‘This is a Moment in Demand For Black Leadership:’ Pancakes & Politics Celebrates Season Finale 

What does good Black leadership in Detroit look like? What happens when Black people [with ties to those in power and also those at the grassroots level] collaborate and get things done?

These thought-provoking questions and other conversations took place during the Michigan Chronicle Pancakes & Politics forum 15th anniversary season finale on Nov. 20. The virtual event was hosted by Dennis Archer Jr., CEO of Ignition Media Group, and co-hosted by WWJ’s Vickie Thomas. The theme was “The State of Black Leadership in Detroit.”

The three panelists were: Nicole Small, president of the Detroit City Charter Commission, the Rev. Steve Bland, senior pastor of Liberty Temple Baptist Church of Detroit, and Tonya Allen, president and CEO of the Skillman Foundation.

Archer said that it’s “befitting that the last topic of this year given these times is Black leadership.”

“It’s been a very interesting year,” Real Times Media [RTM] CEO Hiram Jackson said. “We started off in March with Mayor [Mike] Duggan and County Executive Warren Evans and eight months later we’re in a studio on the eastside of Detroit bringing this to you virtually.”

Jackson added that the event is typically held at the Detroit Athletic Club with about 300 people in attendance; this virtual platform allows 30,000 o 40,000 to watch along.

“This is a moment in demand for Black leadership. With all that is going on in the country … now I think it is time for us to focus locally on how we can empower our residents … as a Black community we can pull together our talents, our education, our experience and help to move this city forward,” he said.

Small said that moving the city forward looks like centralizing the Black agenda after Archer asked the panelists what the Black agenda is and if there is a single agenda.

“A centralized Black agenda doesn’t exist so that’s the problem,” she said, adding that presently a lot of people are entering this space, creating policy and being afforded a “seat at the table” with policy leaders but they didn’t put in the work like those on the ground fighting for change.

“That is why we have so many disparities in 2020,” Small said.

Bland said that the Black community is not so much divided as it is disconnected.

“We’re on different ships but we’re on the same boat,” Bland said, adding that Black people are treated differently [regardless of their station in life] and while this ethnic group is not a monolith “we’re treated and defined [by our] Blackness like biblical leprosy. … they want to define you by your Blackness.”

Bland said that during slavery, Black people [whether in the big house or in the field] had a common language and they sang freedom messages so the enslaved could get to where they needed to go: out of bondage.

“We lost our ability to be able to communicate,” Bland said, adding that there needs to be a “Black-inaw” conference [in reference to the Mackinaw Conference] not as a statement of separatism, but for a greater cause. “You cannot know your worth at the table if you have not identified yourself as whole; we cannot be fractioned and come to the table.”
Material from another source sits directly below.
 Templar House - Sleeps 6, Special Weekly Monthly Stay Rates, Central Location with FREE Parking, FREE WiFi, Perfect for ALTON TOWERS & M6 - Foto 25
When it comes to moving the city forward, Allen said that it’s important to continue making Detroit a better place, and she believes it’s Detroit’s children, the successors, who need help, especially Black children.

“They are going to inherit this place; if we’re not investing in them to be able to lead and learn and advocate for them we are basically falling down on our job,” Allen said adding that with structural racism and inequities “baked in these systems” she’s not trying to get Black children the same as what white children have, but something else. “I want Black children to have more because they deserve more because they’ve had experiences that pushed them back. I want to make sure they get more than enough that will push them forward.”